Problem to work on:
Without reproducing any image, print the listing below exactly.

START Recorded data

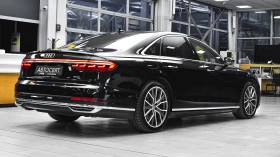 Audi A8 55 TFSI quattro Tiptronic - 37990 € - 35865411 6 | Car24.bg Audi A8 55 TFSI quattro Tiptronic - 37990 € - 35865411 6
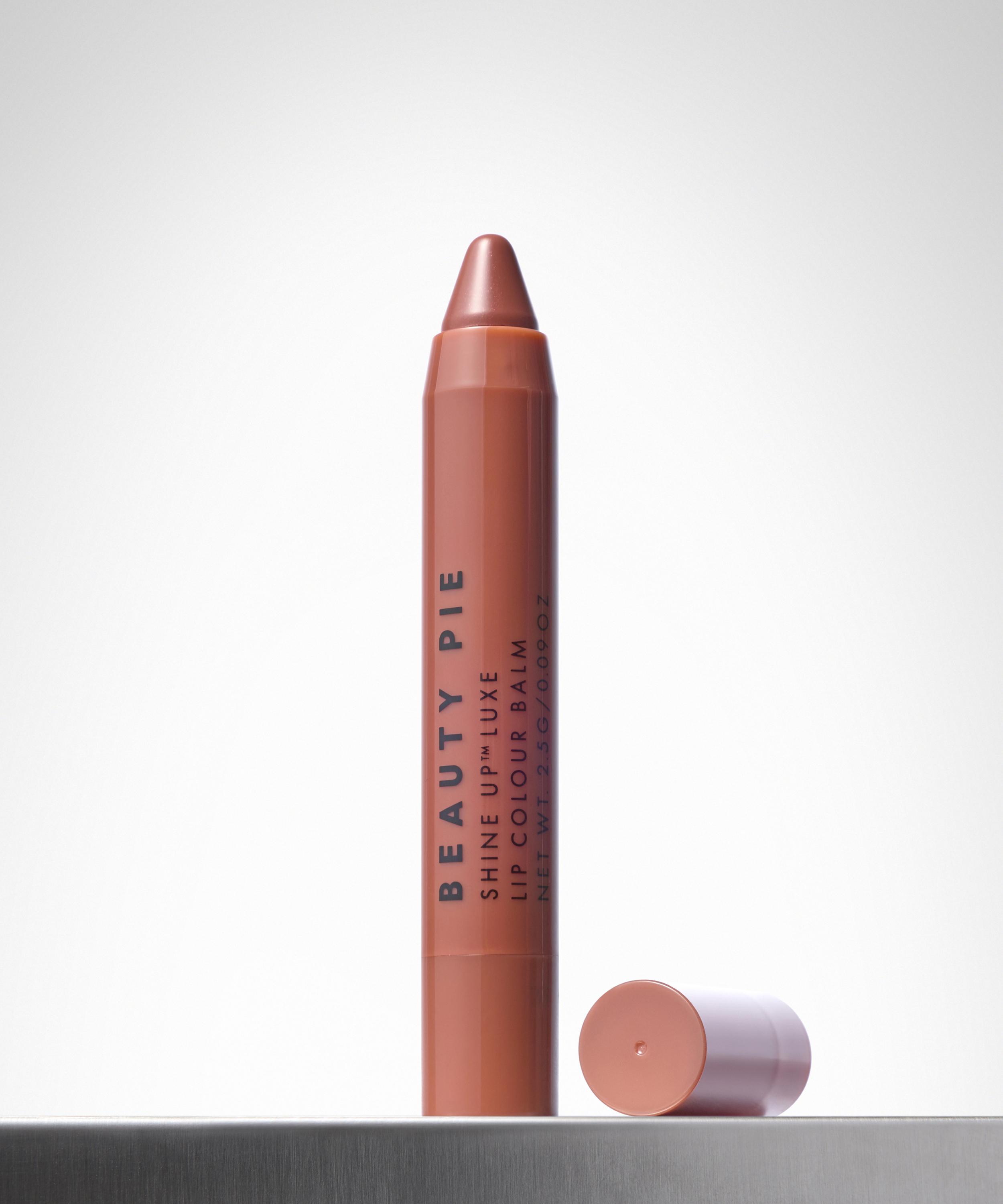 Beauty Pie - Shine Up Luxe Lip Colour Balm Stick 2.5g image number 4
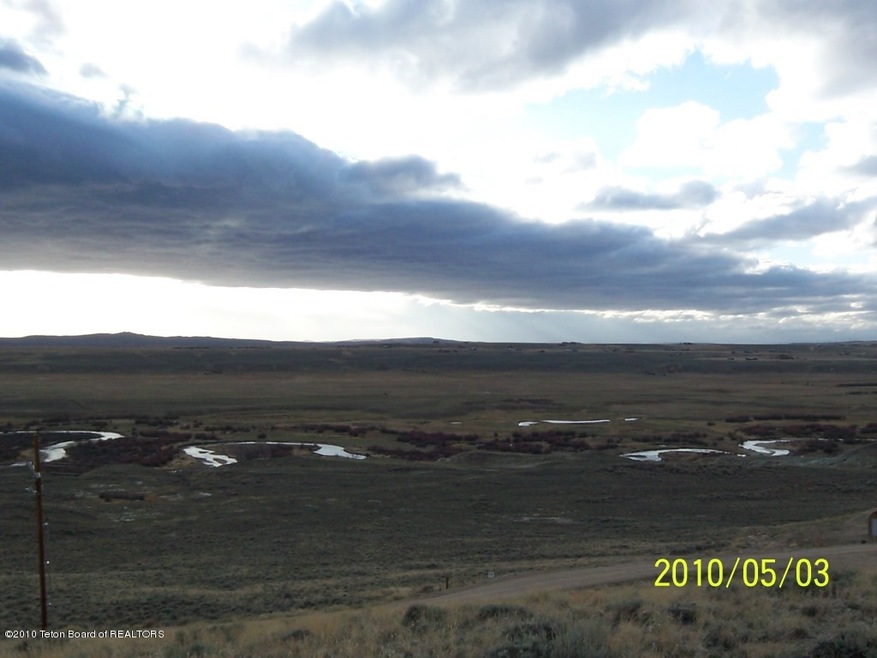Awesome Valley Views!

END Recorded data

Written response:
 Audi A8 55 TFSI quattro Tiptronic - 37990 € - 35865411 6 | Car24.bg Audi A8 55 TFSI quattro Tiptronic - 37990 € - 35865411 6
 Beauty Pie - Shine Up Luxe Lip Colour Balm Stick 2.5g image number 4
Awesome Valley Views!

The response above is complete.